I did have a dressmaker create my wedding dress for me based on a magazine picture that I gave her. I cost be $1,300 to have this dress made, but if I had bought it in the store it definitely would have cost me at least $5,000 because it was very ornate.
I definitely think that there is demand for a dressmaker creating these types of designs because it is a much more cost effective route to take because weddings dresses are so expensive. I also think that dressmakers can focus on the prom market and perform alterations for business customers. I can see it being a lucrative business for some.
@manykitties2 = It sounds like your dress turned out really well. It is too bad you didn't try some student dressmakers, as you may have gotten a really good deal. My friend is a fashion student and she has everything, the dressmaker mannequins, a dressmaker sewing machine and can even make custom dressmaker forms when she needs to.

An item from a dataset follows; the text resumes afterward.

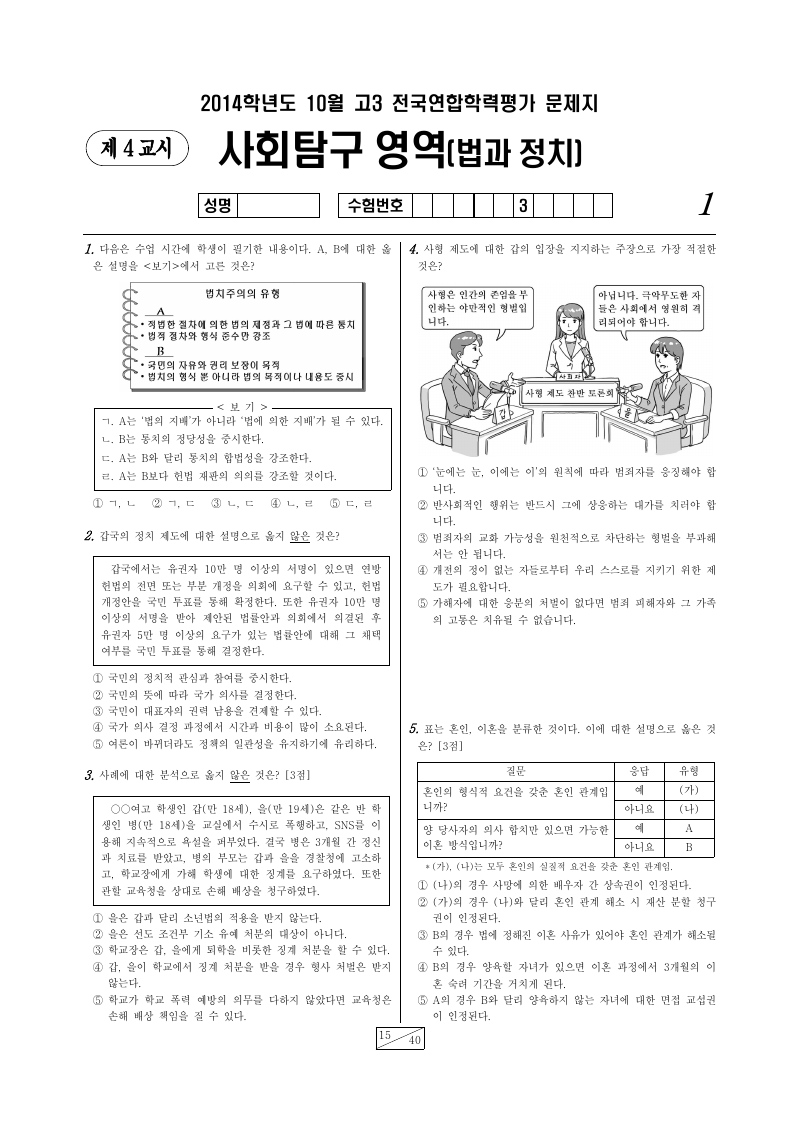 2014년 10월 고3 학력평가 정치와법 시험지 첫 페이지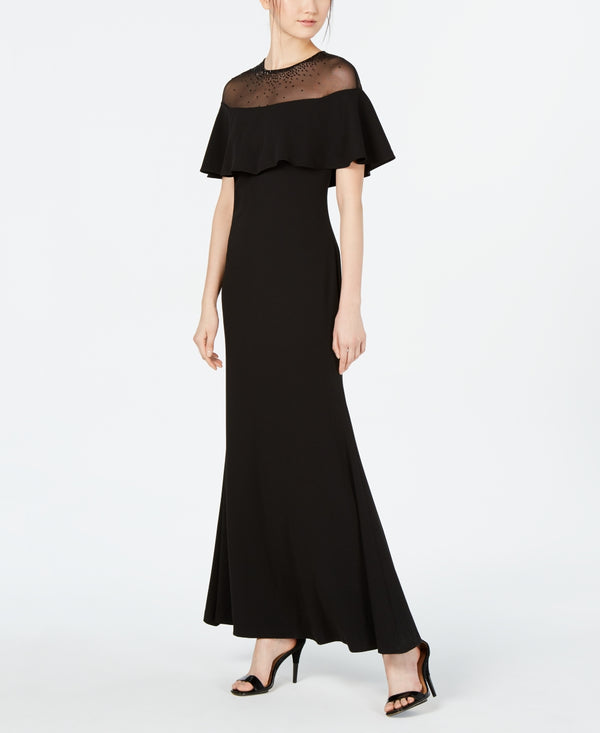 Calvin Klein Womens Illusion Yoke Popover Gown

The great thing about student dressmakers is that they can save you a ton of cash, and they are quite skilled. Generally you just have to pay for the price of the materials, and of course some cash for their time. Like in many professions, student dressmakers really want pieces they can add to their portfolios.
When I got married I went to a wonderful wedding dressmaker for my gown. I looked at oodles of designs that were already in store, but I just couldn't find anything that really matched my preferences. For someone reason, getting a simple and classic dress these days is a real challenge.
I actually ended up going to a bridal dressmaker and sketching out something I wanted. As far as I was concerned my dressmaker was as any designer, and I loved my gown.
It was a bit pricey to have my gown made by a wedding dressmaker, but well worth the expense. I got so many compliments.